A TAMIL-TYPE movie is being staged in the Bukit Selambau State Assembly by-election.

Bukit Selambau is a Malay-majority seat but has become an Indian “stronghold” since it was taken away from Umno and handed over to the MIC in 1988.

But it promises to be better than an average Chennai-made Tamil movie because the cast are truly Malaysian – eight Indians, five Malays and a Chinese – making a total of 15.

They are Barisan Nasional’s S Ganesan and Parti Keadilan Rakyat's S Manikumar, who are the real contenders.

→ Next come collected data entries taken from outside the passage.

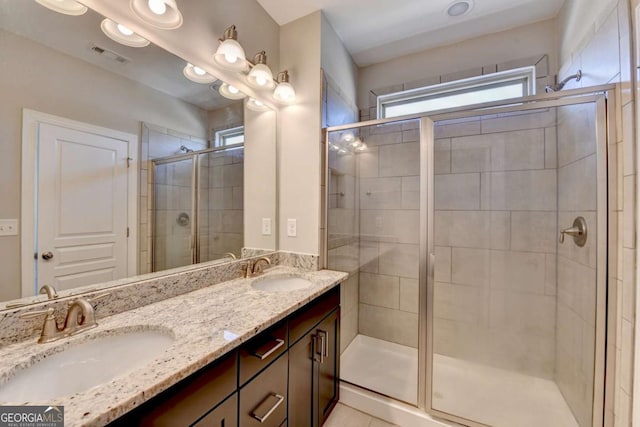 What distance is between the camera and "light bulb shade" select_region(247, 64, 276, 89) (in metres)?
1.51

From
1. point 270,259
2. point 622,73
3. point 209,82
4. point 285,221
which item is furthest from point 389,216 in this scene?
point 209,82

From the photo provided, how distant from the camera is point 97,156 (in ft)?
3.16

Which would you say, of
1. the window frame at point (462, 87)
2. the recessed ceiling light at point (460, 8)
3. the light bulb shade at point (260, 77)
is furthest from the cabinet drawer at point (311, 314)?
the recessed ceiling light at point (460, 8)

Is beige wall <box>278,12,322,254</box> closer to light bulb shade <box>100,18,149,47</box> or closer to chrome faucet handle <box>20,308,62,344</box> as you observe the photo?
light bulb shade <box>100,18,149,47</box>

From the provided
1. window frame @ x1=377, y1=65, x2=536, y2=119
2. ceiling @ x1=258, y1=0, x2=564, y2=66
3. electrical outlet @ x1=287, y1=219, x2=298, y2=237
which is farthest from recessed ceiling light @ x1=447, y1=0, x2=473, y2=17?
electrical outlet @ x1=287, y1=219, x2=298, y2=237

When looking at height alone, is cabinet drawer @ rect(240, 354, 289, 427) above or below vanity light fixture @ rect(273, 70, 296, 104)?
below

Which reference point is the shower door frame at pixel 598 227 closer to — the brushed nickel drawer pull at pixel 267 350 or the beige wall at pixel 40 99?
the brushed nickel drawer pull at pixel 267 350

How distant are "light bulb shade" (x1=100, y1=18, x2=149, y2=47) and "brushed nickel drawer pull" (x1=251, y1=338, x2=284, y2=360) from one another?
1.36 m

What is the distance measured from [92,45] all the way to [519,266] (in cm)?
267

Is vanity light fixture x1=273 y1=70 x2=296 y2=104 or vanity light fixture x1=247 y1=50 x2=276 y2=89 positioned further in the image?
vanity light fixture x1=273 y1=70 x2=296 y2=104

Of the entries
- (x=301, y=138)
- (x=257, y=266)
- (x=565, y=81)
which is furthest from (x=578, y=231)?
(x=257, y=266)

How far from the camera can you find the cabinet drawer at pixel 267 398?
34.0 inches

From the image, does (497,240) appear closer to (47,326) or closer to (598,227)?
(598,227)

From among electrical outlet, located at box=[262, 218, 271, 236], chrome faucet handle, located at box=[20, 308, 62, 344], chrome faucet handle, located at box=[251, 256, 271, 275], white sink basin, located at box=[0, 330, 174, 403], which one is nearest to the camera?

But don’t count out the independents — Anuar Abdul Rahim, Radzi Md Lazim, Khamis Awang, A Jayagopal, Tan Hock Huat, T Chandrarajan, S Moganakumar, Husaini Yaacob, Abdul Rahim Abu, L Sarala, M Venason, R Loganathan and Mohd Fazil Abdul Wahab.

In the 2008 general election, V Arumugam stood as independent and won. He later joined the PKR and was made an Exco in the Pas-led state government

That explains why the by-election attracts so many independents. But there’s a more fundamental reason to that. Not all BN component parties are happy with the selection of an MIC candidate.

Out of 35,140 registered voters, 50.2 per cent are Malays, 29.5 Indians, 19.3 per cent Chinese and one per cent other ethnic groups, mainly the Thais.

The seat fell vacant when, on 9 Feb Arumugam, resigned following controversies surrounding his marriage to a woman who was allegedly still married to another man.